Comic Book Satire The People’s Joker Pulled From TIFF

The Joker we never expected will have to remain unseen. According to That Shelf, a movie called The People’s Joker, which screened earlier today at the Toronto International Film Festival’s Midnight Madness program, had the rest of its screenings canceled because of a “rights issue” with Warner Bros. The film, co-written and directed by Vera Drew, is a satire of comic book movies about “an aspiring clown grappling with her gender identity” who “combats a fascistic caped crusader.” Okay, then. The problem is that The People’s Joker uses the names Batman and The Joker, which belong to Warner Bros. Discovery. While Drew has yet to comment directly, she retweeted this, which includes a screenshot of the apology email TIFF sent to ticket holders:

Yeah, copyright infringement is a laugh riot. But I don’t think this is a case of a filmmaker bursting at the seams to express herself. I think Drew knew this would happen and used it to generate publicity for her weirdo movie by making herself look like the victim. She could easily have named the characters in her film something other than “Batman” and “The Joker,” just like Hot Shots didn’t name Topper Harley “Maverick” and Austin Powers didn’t call its spy parody lead “James Bond.” Instead, she stole characters to whom someone else owns the rights, and she’s got idiots like one of the guys retweeted up there thinking “the man” is taking something away from her. The film is even billed at TIFF as “an illegal comic book movie about a transgender clown named Joker;” she knew exactly what she was doing. I can’t imagine who’d want to see this movie (well, I guess I can imagine), but now that it’s taboo, it’ll be talked about a lot more than it would have been – and her name will be out there as a dangerous, punk rock filmmaker.

Do you think The People’s Joker was a publicity stunt or an honest attempt to appropriate someone else’s characters? Would you ever watch this thing?
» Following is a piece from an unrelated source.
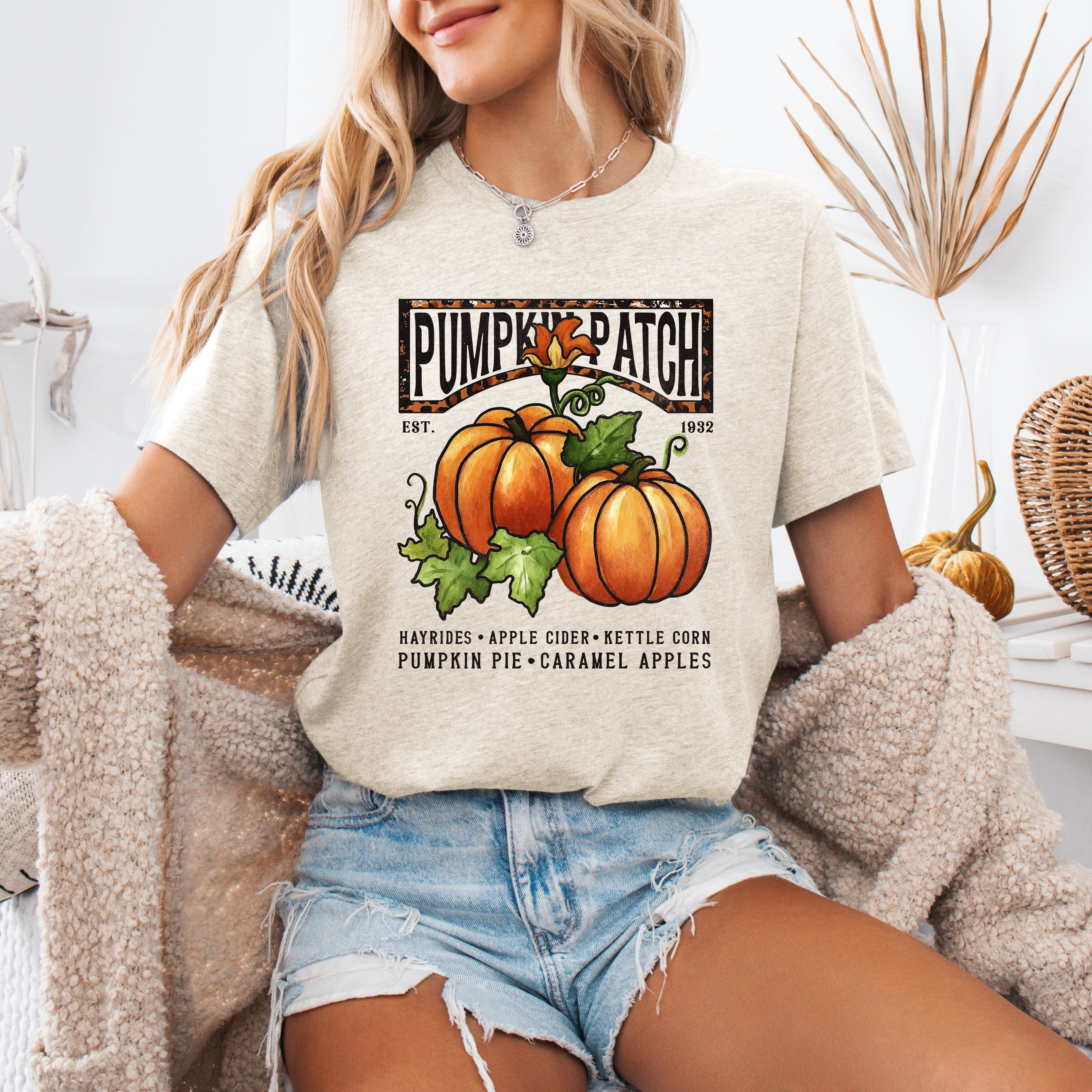Pumpkin Patch Autumn Harvest Halloween Cozy Vintage Rustic Fall Decor Inspired Seasonal Celebration Print Graphic Tee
Are the defenders of the movie (and I’m sure there are lots of them) already citing the alternate-timeline Joker from Flashpoint as proof that the Clown Prince of Crime has always been transgender? Let us know in the comments, and stay tuned to Geeks + Gamers for stories on some comic book movies you might actually get to see!

Comments (2)

September 15, 2022 at 11:03 am

I wouldn’t even call this satire, as much as I’d call it stealing characters from a known brand in order to project their own terrible ideas. It’s a common tactic for talentless people that think they are world changing but aren’t actually interesting at all.

WB came in and said to cease and decease. Probably because this ridiculous film, not even a fan pic, is stolen material that damages the already struggling brand. I’m surprised WB hasn’t came out with a harsher legal voice due to the creator of this movie’s unhinged rants on Twitter.

In the end I would say this was a pure appropriate of someone else’s creation in hopes of making a name for themselves and to make money off of it due to their own lack of originality and talent. Trying to steal someone else’s work but got caught.

    September 16, 2022 at 6:50 pm

    That’s what it looks like. She’s positioning herself to be some indie darling, and she’ll have “the big studios hate me” cred with idiots.